Tariff Shock: Managing a Portfolio Through the Turmoil

This commentary was originally posted on April 8th.

Key Points

Significant U.S. tariff hikes that exceeded market expectations have sparked a swift, negative reaction, pushing the U.S. equity market down almost 20% below recent highs. Investors struggling to manage their portfolios through this unpredictable market may consider cutting their stock holdings drastically, but we prefer a more surgical approach. Let’s take a closer look.

While U.S. equities have faltered with an increasing chance of recession and higher inflation, European equities have outperformed. Exports to the U.S. support only around 2% of Europe’s economy the economic outlook is more stable, and stocks are cheaper versus the U.S. In our global model that guides Northern Trust portfolio allocations, we trimmed exposure to U.S. equities and increased the allocation to developed-market stocks outside the U.S.

Despite the tariff turmoil, we still favor equities globally, including an overweight to U.S. stocks even after trimming the allocation.
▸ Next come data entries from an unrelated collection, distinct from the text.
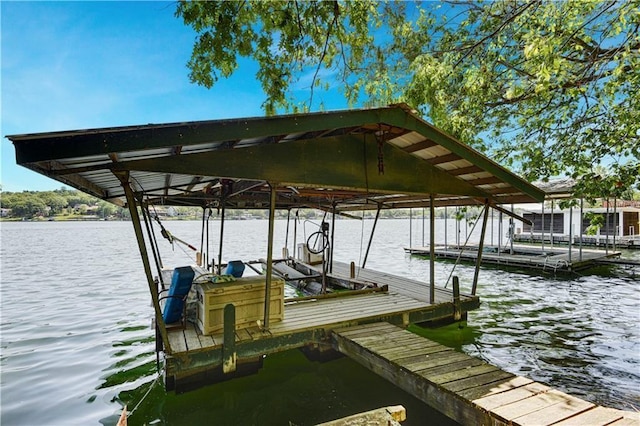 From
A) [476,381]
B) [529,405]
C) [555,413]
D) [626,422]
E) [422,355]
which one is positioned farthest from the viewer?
[422,355]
Markets have proven susceptible to fluid tariff polices, and we think sharp equity rallies are likely. While we trimmed exposure to high yield bonds slightly, we still favor them as they have historically helped to soften the impact of equity downturns and participated in rallies. High yield bonds have held up relatively well in this market.

To be sure, we see a better-than-even chance of recession as a soft economic landing becomes less likely. We expect the Federal Reserve to continue to cut interest rates to support economic growth, though the threat of tariff-fueled inflation could complicate the timing of Fed moves. With this high amount of economic and tariff uncertainty, we are wary of overcorrecting into a defensive position.